Насыщенная событиями судьба графа Эммануэля-Огюстена-Дьедонне де Лас-Касеса (1766–1842) и его объемный «Мемориал Сент-Элен» ставят его в ряду драматических личностей острова лишь рядом с Наполеоном и Лоу. Он был мелким дворянином, сражался в армии Конде против революции, эмигрировал в Англию, присоединился к попытке некоторых эмигрантов вторгнуться во Францию в Кибероне, потерпел неудачу при высадке, вернулся в Англию и жил преподаванием истории. Он составил исторический атлас, который впоследствии получил высокую оценку Наполеона. Вскоре после 18 брюмера он решился вернуться во Францию. Он считал Наполеона верным лекарством для Революции, искал любую возможность служить ему и дослужился до члена Государственного совета. Ватерлоо не охладило его восхищения императором; он отправился в Мальмезон, чтобы помочь ему, последовал за ним в Рошфор, в Англию и на остров Святой Елены.
Из всех собеседников он был ближе всех к императору, ревностнее всех записывал его диктовки и сохранил свое высокое мнение о нем во всех бурях нравов изгнанника. Он отмечал в Наполеоне все, кроме недостатков; он, как и Кромвель, не верил в увековечивание пороков. Его отчет о воспоминаниях и наблюдениях Наполеона не претендует на словесную точность. «Император диктовал очень быстро, почти так же быстро, как он говорит в обычном разговоре. Поэтому мне пришлось изобрести некое подобие иероглифического письма, и я, в свою очередь, диктовал его моему сыну»; или «Я сидел рядом с моим сыном, когда он писал под диктовку императора….. Я всегда читала императору то, что он продиктовал накануне, а затем он вносил исправления и диктовал дальше».20 Однако язык, на котором Лас Кейс выражал свои собственные взгляды, настолько похож на тот, который он приписывает Наполеону, что мы не можем принять его отчет как раскрывающий Наполеона так же беспристрастно, как в более ярком непосредственном дневнике Гурго.

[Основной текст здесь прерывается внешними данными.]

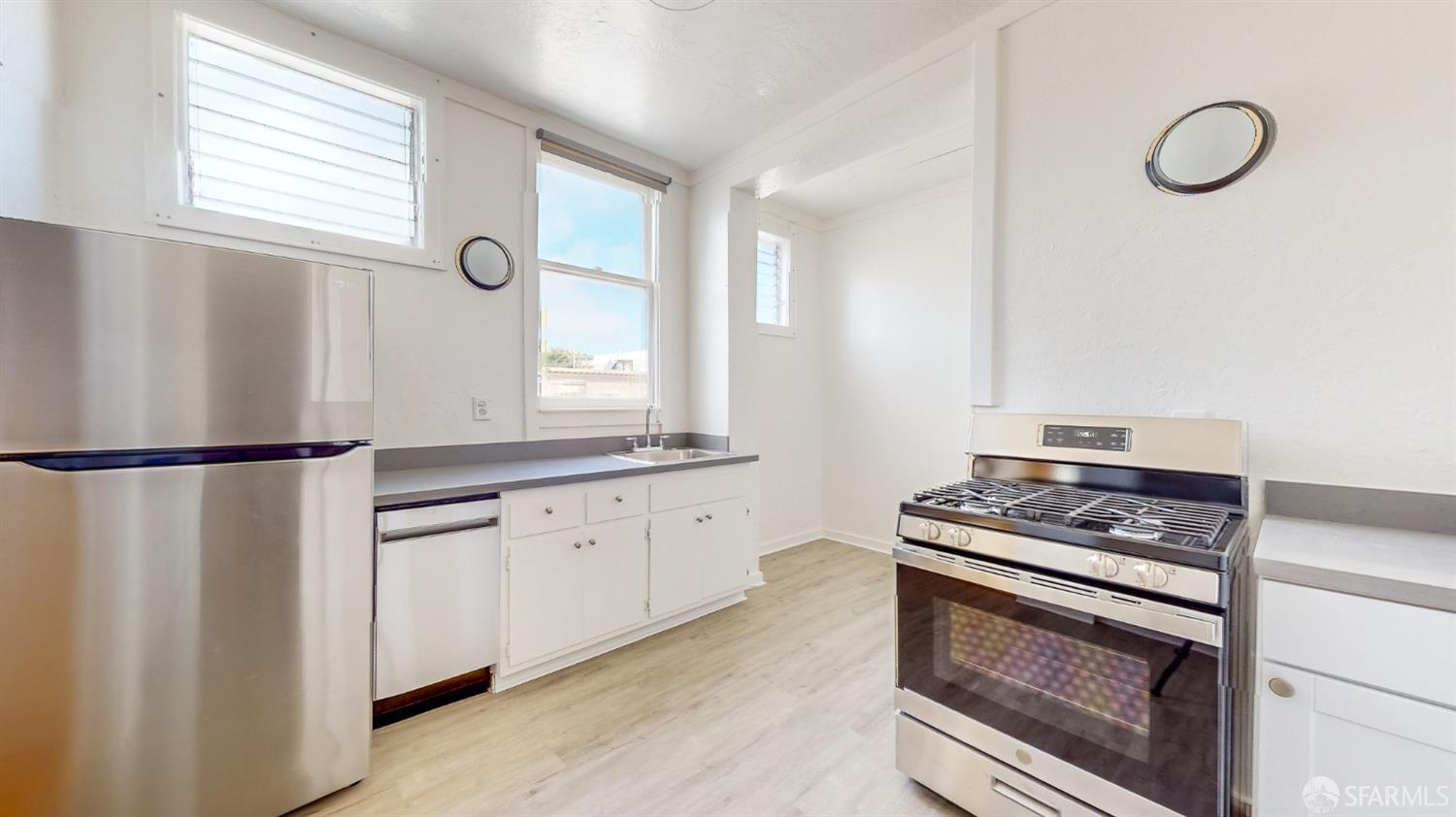 550 Baker Street - Photo 4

Желая привлечь внимание Европы к тяготам, которые переживал Наполеон, Лас Касес написал об этом на кусочке шелка, адресовал его Люсьену Бонапарту и доверил слуге, который собирался вернуться в Европу. Слугу обыскали, послание нашли, сэр Хадсон Лоу арестовал Лас Касеса, конфисковал его бумаги (включая разговоры с Наполеоном) и выслал Лас Касеса с сыном в Кейптаун (25 ноября 1816 года). Из этого отдаленного пункта граф начал годы скитаний — как правило, под враждебным наблюдением — в Англии, Бельгии и Германии. В октябре 1818 года он представил на конгрессе союзников в Экс-ла-Шапель (Ахен) прошение матери Наполеона об освобождении ее сына. Сам он направил обращения к правителям России, Пруссии, Австрии и Англии. Ответа не последовало. После смерти Наполеона ему было разрешено вернуться во Францию (1822). Он добился от британского правительства конфискованных рукописей и опубликовал почти все из них в «Мемориале Сент-Элен» (1823). Тома стали литературным событием года; Лас Касес и его наследники обогатились за счет продажи; а его горячее свидетельство о лечении, которое, по его мнению, стало причиной смерти Наполеона, стало одним из факторов «наполеоновской легенды», благодаря которой Наполеон III стал царствовать дольше, чем его дядя, а Лас Касес-младший получил место сенатора во Второй империи.